• A day of driving U.S. 80 in California will show you sandy deserts, agricultural valleys, boulder-covered canyons, pine and oak scrub forests, chaparral, delightful small towns and a world-renowned urban coastal city.
  • The trip in California begins after crossing the historic 1915 Ocean-to-Ocean Highway truss bridge in Yuma, Arizona. The first towns on the California side are Winterhaven, Holtville, El Centro, and Ocotillo.
  • You will pass through In-Ko-Pah Gorge, Myer Creek, pass the sites of the former Mountain Springs trail stop, Desert View Tower, then cross over to the east side of the freeway and travel southwest to one of our closest neighbors, Jacumba. In the old days Jacumba was a major highway stop with the rich and famous frequently visiting the town to enjoy the hot springs and eat at the Barbara Worth Café.

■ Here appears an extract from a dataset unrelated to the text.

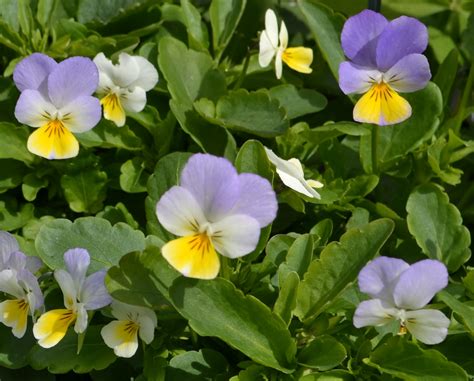 Фиалка полевая (103 фото) - фото - картинки и рисунки: скачать бесплатно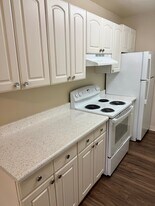 Olive Court Apartments in Fair Oaks, CA - Building Photo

  • After crossing over the old San Diego and Arizona Railway tracks and traveling a few miles you will come to Bankhead Springs and then you will turn west into the town of Boulevard. A short, narrow loop of original concrete road will take you past the old Mistletoe Lodge and will show you what the road was like when it was originally built in 1915. As you pass through Boulevard you will also pass a Mexican restaurant on your left that was once the post office. Also on the left is the beginning of California Highway 94 to Campo
  • Next you will pass Live Oak Springs, La Posta Ranch, La Posta, Boulder Oaks Campground, the ghost town of Buckman Springs and then, at Laguna Junction, you cross the freeway and head west to Pine Valley, complete with a lovely little park in the center of town. Heading west you’ll cross a 1928 bridge out of town.
  • The town of Guatay is next, followed by the road to Julian, and the road to Descanso at Descanso Junction. Just before reaching Wildwood Glen Lane you will again be able to see an old section of the original concrete road. Continue  east and you’ll cross the old Terrinitos bridge.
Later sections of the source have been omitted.